While I did not win that battle, I have often found myself thinking back to that moment in today’s America, which is more deeply divided into an “us” and “them” than at any point in my life.

And I’ve come to understand that I knew then what I know now: I feel genuinely safe with Joe Biden.

As a biracial and Jewish woman, I have rarely felt safe in America. Perpetually dealing with both racism and anti-Semitism is a way of life for me. With violent, anti-Semitic acts reaching an all-time high in 2019, we Jews are certainly feeling less safe after a few years with a president in power who calls white supremacists “very fine people” and recently told the Proud Boys to “stand back and stand by.”

We see the physical manifestations of what it means to feel unsafe in seeing the armed guards now outside of our synagogues and Jewish spaces. In the metal gates being erected around Jewish buildings. In the rigorous security protocols designed to keep the threats out, which has often meant that I am not allowed in, for I, too, am considered by some to be a threat.

Anti-Semitism has always been ours to carry, but with the Jewish community becoming ever more beautifully diverse, racism is also something that is ours to carry. Just as it has impacted my family and me personally for the last 50 years, so too does it impact the many non-white Jews and trans-racial Jewish families that now make up our community. Our safety matters and it is undeniably under increased threat in today’s America.

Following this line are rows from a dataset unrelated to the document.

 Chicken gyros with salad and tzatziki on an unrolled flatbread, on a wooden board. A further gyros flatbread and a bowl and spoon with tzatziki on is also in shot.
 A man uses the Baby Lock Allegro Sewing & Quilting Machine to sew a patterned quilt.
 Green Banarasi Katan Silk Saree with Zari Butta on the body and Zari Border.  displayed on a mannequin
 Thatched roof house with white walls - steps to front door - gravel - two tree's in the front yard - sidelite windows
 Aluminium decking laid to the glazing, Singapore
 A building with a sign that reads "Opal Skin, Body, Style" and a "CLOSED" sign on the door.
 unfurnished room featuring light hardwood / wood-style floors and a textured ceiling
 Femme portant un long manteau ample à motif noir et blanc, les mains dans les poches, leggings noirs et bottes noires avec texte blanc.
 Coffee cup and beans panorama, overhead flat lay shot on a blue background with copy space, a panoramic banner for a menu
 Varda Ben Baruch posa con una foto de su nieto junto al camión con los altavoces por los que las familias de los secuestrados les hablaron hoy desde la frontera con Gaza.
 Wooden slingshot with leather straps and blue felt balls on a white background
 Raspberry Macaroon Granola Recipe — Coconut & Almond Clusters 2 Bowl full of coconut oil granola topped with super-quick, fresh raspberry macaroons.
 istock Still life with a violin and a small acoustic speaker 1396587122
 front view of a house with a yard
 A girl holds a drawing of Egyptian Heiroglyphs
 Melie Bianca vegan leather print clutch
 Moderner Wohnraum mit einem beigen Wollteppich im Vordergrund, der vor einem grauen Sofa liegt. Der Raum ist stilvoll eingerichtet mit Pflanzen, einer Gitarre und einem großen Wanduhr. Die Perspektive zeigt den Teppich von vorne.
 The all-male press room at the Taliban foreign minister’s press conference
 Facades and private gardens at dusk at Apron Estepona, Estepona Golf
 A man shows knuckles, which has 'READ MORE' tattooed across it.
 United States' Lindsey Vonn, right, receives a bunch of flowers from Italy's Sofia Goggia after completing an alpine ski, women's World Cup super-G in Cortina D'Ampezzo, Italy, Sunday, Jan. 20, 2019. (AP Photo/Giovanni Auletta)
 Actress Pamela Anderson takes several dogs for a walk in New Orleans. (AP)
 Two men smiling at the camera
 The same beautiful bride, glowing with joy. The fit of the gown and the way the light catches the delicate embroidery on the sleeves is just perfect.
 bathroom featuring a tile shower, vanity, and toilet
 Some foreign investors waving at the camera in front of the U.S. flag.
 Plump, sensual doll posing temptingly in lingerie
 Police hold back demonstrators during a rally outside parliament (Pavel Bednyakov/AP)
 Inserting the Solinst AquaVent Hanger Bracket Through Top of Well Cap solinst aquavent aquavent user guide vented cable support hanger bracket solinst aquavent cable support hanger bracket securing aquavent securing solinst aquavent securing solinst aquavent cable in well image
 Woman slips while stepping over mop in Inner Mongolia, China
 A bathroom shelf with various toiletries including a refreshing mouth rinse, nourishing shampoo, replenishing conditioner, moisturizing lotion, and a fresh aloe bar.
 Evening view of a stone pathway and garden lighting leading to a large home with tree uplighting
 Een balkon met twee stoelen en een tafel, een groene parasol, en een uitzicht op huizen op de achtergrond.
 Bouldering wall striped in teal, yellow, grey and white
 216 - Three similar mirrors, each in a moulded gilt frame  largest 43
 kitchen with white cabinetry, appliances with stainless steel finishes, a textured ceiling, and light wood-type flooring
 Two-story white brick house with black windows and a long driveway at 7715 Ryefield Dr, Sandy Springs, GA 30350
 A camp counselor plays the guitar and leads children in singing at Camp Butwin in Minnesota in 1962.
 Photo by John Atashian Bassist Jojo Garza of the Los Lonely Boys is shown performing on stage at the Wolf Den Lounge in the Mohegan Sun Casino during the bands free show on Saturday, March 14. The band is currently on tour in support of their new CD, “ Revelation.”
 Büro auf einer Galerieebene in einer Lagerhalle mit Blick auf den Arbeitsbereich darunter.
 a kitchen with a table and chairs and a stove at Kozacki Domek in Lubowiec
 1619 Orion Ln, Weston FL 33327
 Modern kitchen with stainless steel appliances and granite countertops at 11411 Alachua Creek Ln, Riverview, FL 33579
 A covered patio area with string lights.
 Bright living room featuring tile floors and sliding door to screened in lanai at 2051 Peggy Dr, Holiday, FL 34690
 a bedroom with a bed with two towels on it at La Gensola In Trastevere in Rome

And, so I cannot help but wonder what the way forward is in an America in which we are already feeling so much more unsafe.

To me, that answer lies in the first word of the Constitution: “We.”

It is in our collective commitment as Jews to build an America that is rooted in “we,” and that does not further deepen the divisiveness of “us” and “them.”

It is in remaining true to what we mean when we speak of all of us being created B’Tzelem Elohim, in the image of God; and that we are doing the work to ensure that all Americans are treated with the same levels of care and respect.

But if we are to build that version of America, it is also in making sure that we seek to elect American leaders that can be true partners in this work because they, too, believe that America is for all of us. Leadership that speaks to “We, the People” and not only to those groups whom they selectively deem worthy of their respect and attention.

Joe Biden has always believed in and spoken of one America. An America where there is a safe space for all of us to be who we are. As Jews. As families. And as individuals. We can see ourselves in him because he sees himself in us.

Joe Biden calls this moment ‘a fight for the soul of America,’ which I have always experienced as an expression of tikkun olam.

And in Kamala Harris, we have a leader who understands deeply that it is our diversity that makes us strong. That much like a vibrant tapestry, America is built out of individuals and families who are, each in their own way, uniquely American. She, too, knows that America means “We, the People.” And she has worked for that all of her life.

Joe Biden calls this moment “a fight for the soul of America,” which I have always experienced as an expression of tikkun olam. As American Jews, isn’t it our current mandate of tikkun olam to participate in the work to heal our very broken country?

How lucky we are to have Joe Biden and Kamala Harris as our leaders and partners in the work of building an America where “We, the People” are more than just words. They are a way of American life in which all will be seen, respected, heard… and safe.

Marra B. Gad is a film and television producer and the author of “The Color of Love: A Story of a Mixed-Race Jewish Girl,” winner of the 2020 Midwest Book Award for Autobiography/Memoir.